BUT - it really shouldn't have tasted very sweet at bottling, unless you added a lot of lactose or other unfermentable sugars. Sweetness = sugars = your beer might not have been done fermenting when you bottled it. Did you take a gravity reading at the time? If the beer WASN'T done fermenting, as the yeast continued their job in the bottle, the sweetness is going away, being replaced by alcohol and unfortunately lots and lots of CO2.

So, if you DIDN'T take a gravity reading (and that reading wasn't reasonably low), I'd suspect you're tasting the difference between partially-fermented beer and more-fermented beer. If that's the case, you've got to be careful with those bottles, as they might become overcarbonated and could be dangerous.

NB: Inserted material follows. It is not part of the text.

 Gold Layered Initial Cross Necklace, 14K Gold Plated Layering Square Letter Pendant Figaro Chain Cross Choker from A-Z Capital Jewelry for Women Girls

First things first though, before panicing; did you take a gravity reading when you bottled, and what was it?
 
My OG was about 1.056 and my FG was somewhere around 1.018

Which according to the recipe is just about dead on. Im pretty sure my problem is not that it was not finished fermenting, as it has been in the bottles for almost 3 weeks now and while it is carbonating, its just enough to get the pop and tiny bit of a head on the beer.

Perhaps all this beer needs is more time. The only thing that worried me is the fruity taste right now is not so much just a really strong cherry taste, but more like "Omg theres a rotting sour basket of fruit in my beer" taste. And like I said, at bottling the cherry taste was just barely noticeable. So it seems the cherry taste is growing with age, not mellowing.